Melatonin decreases androgen-sensitive prostate cancer growth by suppressing SENP1 expression

Lin Hao; Yang Dong; Jun-Jie Zhang; Hou-Guang He; Jian-Gang Chen; Shao-Qi Zhang; Qian-Jin Zhang; Wei Wu; Cong-Hui Han; Zhen-Duo Shi

doi:10.21037/tau-21-1110

Melatonin decreases androgen-sensitive prostate cancer growth by suppressing SENP1 expression

Transl Androl Urol. 2022 Jan;11(1):91-103. doi: 10.21037/tau-21-1110.

Authors

Lin Hao^#^{1

2}, Yang Dong^#^{1

2}, Jun-Jie Zhang^#^{1

2}, Hou-Guang He², Jian-Gang Chen¹, Shao-Qi Zhang¹, Qian-Jin Zhang¹, Wei Wu¹, Cong-Hui Han^#^{1

2}, Zhen-Duo Shi^#²

Affiliations

¹ Medical College of Soochow University, Suzhou, China.
² Department of Urology, Xuzhou central hospital, Xuzhou, China.

^# Contributed equally.

Abstract

Background: Melatonin is a hormone naturally produced by the pineal gland in the brain. In addition to modulating circadian rhythms, it has pleiotropic biological effects including antioxidant, immunomodulatory, and anti-cancer effects. Herein, we report that melatonin has the ability to decrease the growth and metastasis of androgen-dependent prostate cancer.

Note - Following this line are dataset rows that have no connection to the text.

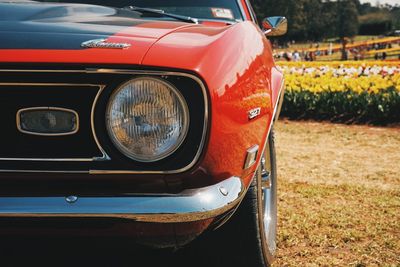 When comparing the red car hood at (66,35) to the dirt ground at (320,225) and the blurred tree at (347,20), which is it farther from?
the blurred tree at (347,20)

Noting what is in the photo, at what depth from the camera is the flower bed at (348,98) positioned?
8.61 m

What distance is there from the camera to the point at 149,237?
1679mm

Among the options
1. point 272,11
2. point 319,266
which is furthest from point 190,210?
point 272,11

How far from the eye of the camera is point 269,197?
2.91 metres

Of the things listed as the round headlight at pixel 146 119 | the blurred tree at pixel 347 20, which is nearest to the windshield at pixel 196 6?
the round headlight at pixel 146 119

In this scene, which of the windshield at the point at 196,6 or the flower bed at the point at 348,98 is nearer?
the windshield at the point at 196,6

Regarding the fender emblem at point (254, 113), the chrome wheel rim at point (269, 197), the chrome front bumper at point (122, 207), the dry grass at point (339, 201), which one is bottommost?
the dry grass at point (339, 201)

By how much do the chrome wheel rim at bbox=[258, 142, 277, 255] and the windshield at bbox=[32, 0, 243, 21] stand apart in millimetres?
775

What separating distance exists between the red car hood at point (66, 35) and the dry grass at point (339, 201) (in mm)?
1449

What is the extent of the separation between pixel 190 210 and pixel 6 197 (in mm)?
531

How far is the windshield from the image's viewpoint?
2.97m

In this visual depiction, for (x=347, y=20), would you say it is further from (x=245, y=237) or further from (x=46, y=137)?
(x=46, y=137)

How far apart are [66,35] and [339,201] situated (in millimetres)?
2729

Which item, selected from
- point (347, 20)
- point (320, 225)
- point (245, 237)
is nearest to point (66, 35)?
point (245, 237) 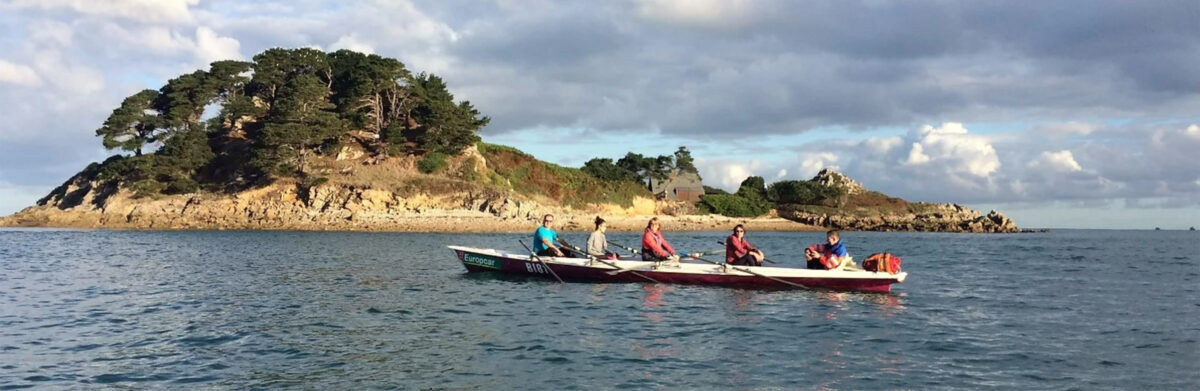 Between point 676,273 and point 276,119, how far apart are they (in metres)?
48.8

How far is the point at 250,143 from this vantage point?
66.7m

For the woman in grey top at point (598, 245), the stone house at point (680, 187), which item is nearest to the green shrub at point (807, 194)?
the stone house at point (680, 187)

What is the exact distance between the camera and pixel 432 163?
6444 centimetres

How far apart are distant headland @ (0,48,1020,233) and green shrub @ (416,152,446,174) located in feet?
0.27

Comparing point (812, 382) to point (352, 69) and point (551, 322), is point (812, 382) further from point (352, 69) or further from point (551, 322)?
point (352, 69)

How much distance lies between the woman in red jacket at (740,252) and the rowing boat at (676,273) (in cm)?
37

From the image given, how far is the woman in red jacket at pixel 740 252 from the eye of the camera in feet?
65.2

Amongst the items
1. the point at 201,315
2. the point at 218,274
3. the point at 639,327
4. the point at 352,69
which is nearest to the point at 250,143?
the point at 352,69

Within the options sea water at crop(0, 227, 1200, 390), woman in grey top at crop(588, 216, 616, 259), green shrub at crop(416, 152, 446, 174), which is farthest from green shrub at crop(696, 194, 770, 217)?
woman in grey top at crop(588, 216, 616, 259)

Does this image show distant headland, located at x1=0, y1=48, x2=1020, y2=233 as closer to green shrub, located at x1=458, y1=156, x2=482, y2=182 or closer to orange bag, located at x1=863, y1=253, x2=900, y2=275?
green shrub, located at x1=458, y1=156, x2=482, y2=182

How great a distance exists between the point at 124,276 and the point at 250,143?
1908 inches

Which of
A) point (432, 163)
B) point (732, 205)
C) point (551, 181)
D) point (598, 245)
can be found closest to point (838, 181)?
point (732, 205)

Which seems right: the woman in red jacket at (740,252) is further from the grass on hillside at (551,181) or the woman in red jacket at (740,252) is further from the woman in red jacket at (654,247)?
the grass on hillside at (551,181)

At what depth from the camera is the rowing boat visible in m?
18.7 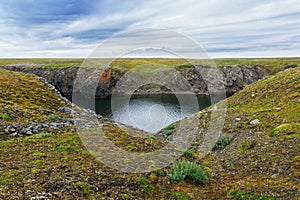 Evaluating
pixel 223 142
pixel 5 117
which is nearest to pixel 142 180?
pixel 223 142

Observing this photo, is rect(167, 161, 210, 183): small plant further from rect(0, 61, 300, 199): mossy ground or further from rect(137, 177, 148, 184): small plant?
rect(137, 177, 148, 184): small plant

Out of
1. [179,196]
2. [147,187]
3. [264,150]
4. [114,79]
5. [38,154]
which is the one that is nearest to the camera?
[179,196]

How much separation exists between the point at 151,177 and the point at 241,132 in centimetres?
1266

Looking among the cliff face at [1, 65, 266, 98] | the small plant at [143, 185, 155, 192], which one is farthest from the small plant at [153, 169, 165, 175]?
the cliff face at [1, 65, 266, 98]

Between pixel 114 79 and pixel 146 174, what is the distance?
334 feet

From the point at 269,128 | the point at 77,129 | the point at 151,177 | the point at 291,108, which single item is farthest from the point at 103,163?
the point at 291,108

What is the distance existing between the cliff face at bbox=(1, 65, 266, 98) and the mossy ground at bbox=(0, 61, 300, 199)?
8552cm

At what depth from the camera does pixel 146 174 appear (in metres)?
12.2

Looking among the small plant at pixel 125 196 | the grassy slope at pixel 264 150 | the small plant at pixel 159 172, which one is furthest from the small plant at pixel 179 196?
the small plant at pixel 125 196

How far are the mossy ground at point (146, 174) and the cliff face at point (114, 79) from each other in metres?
85.5

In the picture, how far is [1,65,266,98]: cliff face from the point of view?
10738 centimetres

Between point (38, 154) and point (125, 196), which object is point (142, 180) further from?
point (38, 154)

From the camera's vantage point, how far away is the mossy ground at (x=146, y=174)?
34.2ft

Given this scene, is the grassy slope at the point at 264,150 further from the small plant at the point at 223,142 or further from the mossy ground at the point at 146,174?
the small plant at the point at 223,142
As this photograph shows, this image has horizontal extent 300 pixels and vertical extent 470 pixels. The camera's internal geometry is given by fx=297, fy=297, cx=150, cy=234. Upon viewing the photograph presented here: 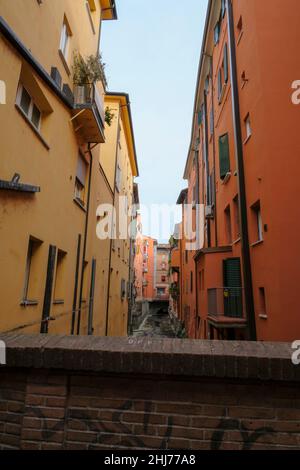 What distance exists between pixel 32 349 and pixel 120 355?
0.63m

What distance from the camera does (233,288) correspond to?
1073 centimetres

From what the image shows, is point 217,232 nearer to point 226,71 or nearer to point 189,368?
point 226,71

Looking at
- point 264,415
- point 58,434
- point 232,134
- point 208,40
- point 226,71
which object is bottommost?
point 58,434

Methods: To evaluate the anti-cancer effect of melatonin on androgen-sensitive prostate cancer in vitro or in vivo, the effects of cell proliferation, apoptosis, migration and invasion were analyzed by using 3-(4,5-dimethylthiazol-2-yl)-2,5-diphenyltetrazolium bromide (MTT), colony formation, flow cytometry, Transwell assay, and immunohistochemistry (IHC), respectively. Next, the interaction between androgen receptor (AR) and SUMO specific protease 1 (SENP1) was detected by real-time quantitative reverse transcription-polymerase chain reaction (qRT-PCR) and western blotting, and confirmed by luciferase reporter assay. Furthermore, the Small Ubiquitin-like Modifier (SUMO) proteins are a group of small proteins that are covalently attached to and detached from other proteins in cells to modify their function. (SUMOylation) of histone deacetylases 1 (HDAC1) was measured by proximity ligation assay (PLA).

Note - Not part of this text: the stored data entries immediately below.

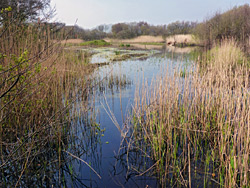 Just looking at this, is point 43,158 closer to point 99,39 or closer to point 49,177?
point 49,177

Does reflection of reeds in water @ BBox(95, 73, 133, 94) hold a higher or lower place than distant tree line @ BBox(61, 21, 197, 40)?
lower

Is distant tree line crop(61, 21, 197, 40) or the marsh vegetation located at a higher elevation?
distant tree line crop(61, 21, 197, 40)

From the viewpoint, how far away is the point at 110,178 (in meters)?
2.53

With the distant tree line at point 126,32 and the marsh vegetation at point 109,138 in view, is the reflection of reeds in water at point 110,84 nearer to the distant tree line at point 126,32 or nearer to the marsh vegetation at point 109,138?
the distant tree line at point 126,32

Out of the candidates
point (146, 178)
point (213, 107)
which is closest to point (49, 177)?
point (146, 178)

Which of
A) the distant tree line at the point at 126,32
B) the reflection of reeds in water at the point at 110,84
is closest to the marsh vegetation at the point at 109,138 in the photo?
the distant tree line at the point at 126,32

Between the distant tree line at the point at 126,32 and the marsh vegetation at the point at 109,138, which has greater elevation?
the distant tree line at the point at 126,32

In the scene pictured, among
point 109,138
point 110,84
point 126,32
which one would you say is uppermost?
point 126,32

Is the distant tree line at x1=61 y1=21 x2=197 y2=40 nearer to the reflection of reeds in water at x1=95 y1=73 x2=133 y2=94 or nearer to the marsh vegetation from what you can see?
the marsh vegetation

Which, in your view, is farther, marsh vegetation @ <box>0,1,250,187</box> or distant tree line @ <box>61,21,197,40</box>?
distant tree line @ <box>61,21,197,40</box>

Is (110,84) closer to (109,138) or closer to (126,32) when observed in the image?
(109,138)

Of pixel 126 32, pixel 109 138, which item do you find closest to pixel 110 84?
pixel 109 138

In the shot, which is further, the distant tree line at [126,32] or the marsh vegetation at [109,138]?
the distant tree line at [126,32]

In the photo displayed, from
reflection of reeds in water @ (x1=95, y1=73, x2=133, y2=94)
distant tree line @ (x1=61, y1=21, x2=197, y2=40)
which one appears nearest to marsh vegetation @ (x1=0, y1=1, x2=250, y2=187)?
distant tree line @ (x1=61, y1=21, x2=197, y2=40) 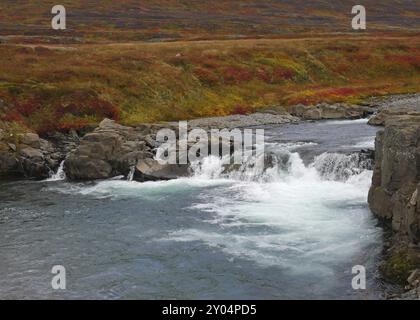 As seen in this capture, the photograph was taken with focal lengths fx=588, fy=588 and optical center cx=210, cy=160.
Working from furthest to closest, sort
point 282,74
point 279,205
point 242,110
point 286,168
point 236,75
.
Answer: point 282,74, point 236,75, point 242,110, point 286,168, point 279,205

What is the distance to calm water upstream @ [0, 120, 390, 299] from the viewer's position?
103ft

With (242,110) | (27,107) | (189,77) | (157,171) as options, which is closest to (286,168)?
(157,171)

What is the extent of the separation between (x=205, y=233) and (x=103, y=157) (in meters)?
21.8

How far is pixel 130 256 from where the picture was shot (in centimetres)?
3591

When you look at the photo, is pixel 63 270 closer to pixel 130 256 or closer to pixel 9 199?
pixel 130 256

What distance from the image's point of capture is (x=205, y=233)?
39.7 meters

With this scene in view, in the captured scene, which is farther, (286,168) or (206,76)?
(206,76)

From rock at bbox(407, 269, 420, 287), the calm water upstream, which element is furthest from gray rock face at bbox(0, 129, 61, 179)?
rock at bbox(407, 269, 420, 287)

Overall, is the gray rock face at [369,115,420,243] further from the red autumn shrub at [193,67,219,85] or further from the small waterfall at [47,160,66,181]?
the red autumn shrub at [193,67,219,85]

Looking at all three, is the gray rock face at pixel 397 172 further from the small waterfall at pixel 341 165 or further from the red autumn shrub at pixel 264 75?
the red autumn shrub at pixel 264 75

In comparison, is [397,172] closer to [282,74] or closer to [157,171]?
[157,171]

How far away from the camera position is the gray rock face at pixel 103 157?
57.2 m

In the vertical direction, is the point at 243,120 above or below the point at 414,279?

Results: The treatment of melatonin cripples the transcriptional activity of AR, which is essential for the growth of the androgen-dependent prostate cancer cell, LNCaP. The lower activity of AR was dependent on melatonin induced SUMOylation of HDAC1, which has been established as a key factor for the transcriptional activity of AR. Mechanistically, the effect of melatonin on AR was due to the decreased SENP1 protein level and the subsequent increased HDAC1 SUMOylation level. The overexpression of SENP1 abrogated the anti-cancer ability of melatonin on LNCaP cells.

Conclusions: These findings indicate that melatonin is a suppressor of androgen-dependent prostate cancer tumorigenesis.

Keywords: Melatonin (MT); SUMO specific protease 1 (SENP1); cell growth; prostate cancer.